§ **EXTRACTED ENTRIES**:
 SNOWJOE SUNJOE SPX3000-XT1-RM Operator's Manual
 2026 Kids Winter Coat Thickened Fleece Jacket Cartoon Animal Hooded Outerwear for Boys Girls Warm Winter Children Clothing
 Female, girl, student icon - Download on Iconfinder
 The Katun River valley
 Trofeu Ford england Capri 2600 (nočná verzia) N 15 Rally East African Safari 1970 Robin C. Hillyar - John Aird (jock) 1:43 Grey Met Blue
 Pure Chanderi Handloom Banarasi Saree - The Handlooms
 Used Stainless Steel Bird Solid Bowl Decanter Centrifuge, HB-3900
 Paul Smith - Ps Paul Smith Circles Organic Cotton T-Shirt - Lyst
==
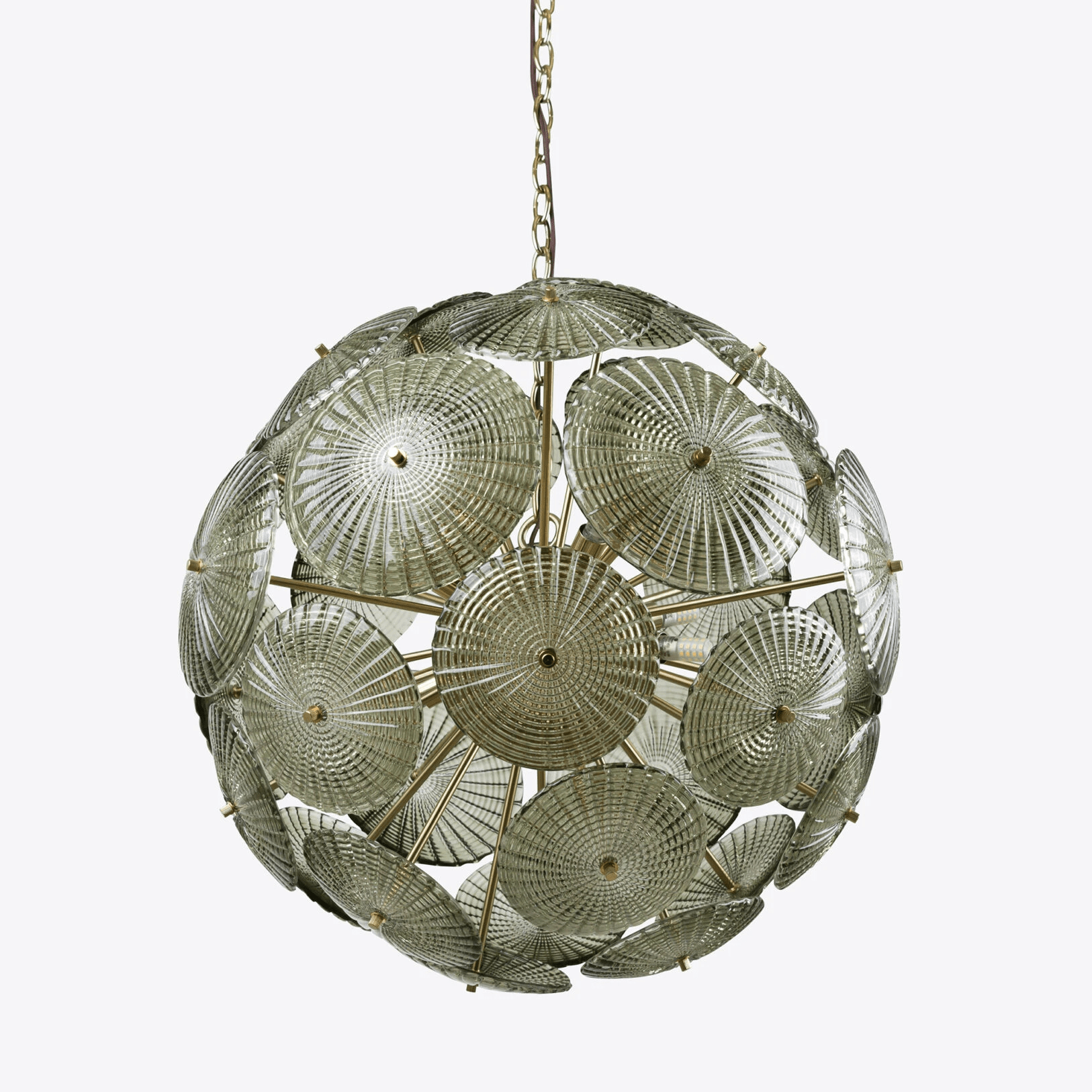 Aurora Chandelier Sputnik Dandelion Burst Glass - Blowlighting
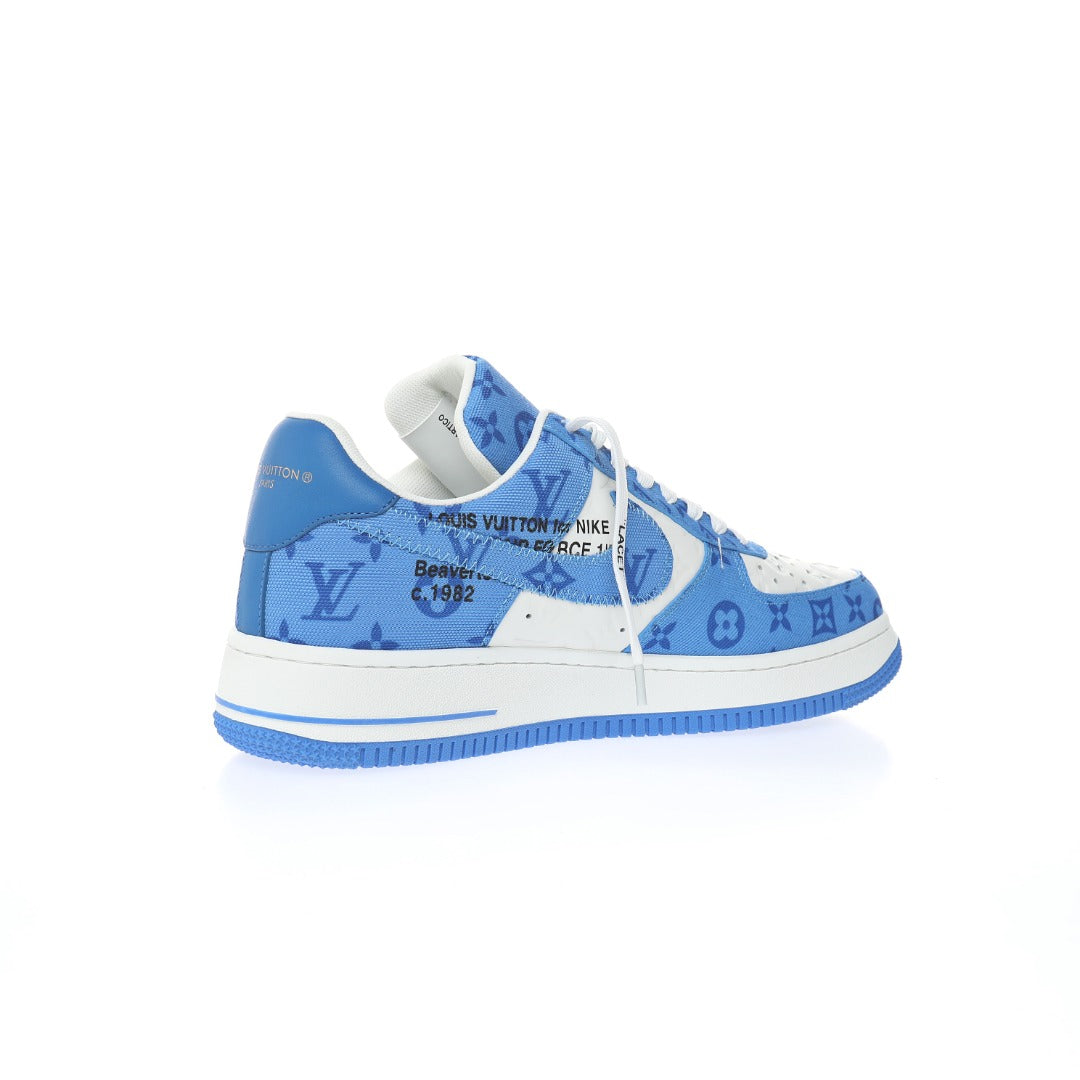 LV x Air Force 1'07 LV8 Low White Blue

§ **AIM OF THE EXERCISE**: Extract exactly and only the lines above from the line containing "2026 Kids Winter" through the line containing "Paul Smith - Ps", both end lines included.

§ **OUTPUT**:
 2026 Kids Winter Coat Thickened Fleece Jacket Cartoon Animal Hooded Outerwear for Boys Girls Warm Winter Children Clothing
 Female, girl, student icon - Download on Iconfinder
 The Katun River valley
 Trofeu Ford england Capri 2600 (nočná verzia) N 15 Rally East African Safari 1970 Robin C. Hillyar - John Aird (jock) 1:43 Grey Met Blue
 Pure Chanderi Handloom Banarasi Saree - The Handlooms
 Used Stainless Steel Bird Solid Bowl Decanter Centrifuge, HB-3900
 Paul Smith - Ps Paul Smith Circles Organic Cotton T-Shirt - Lyst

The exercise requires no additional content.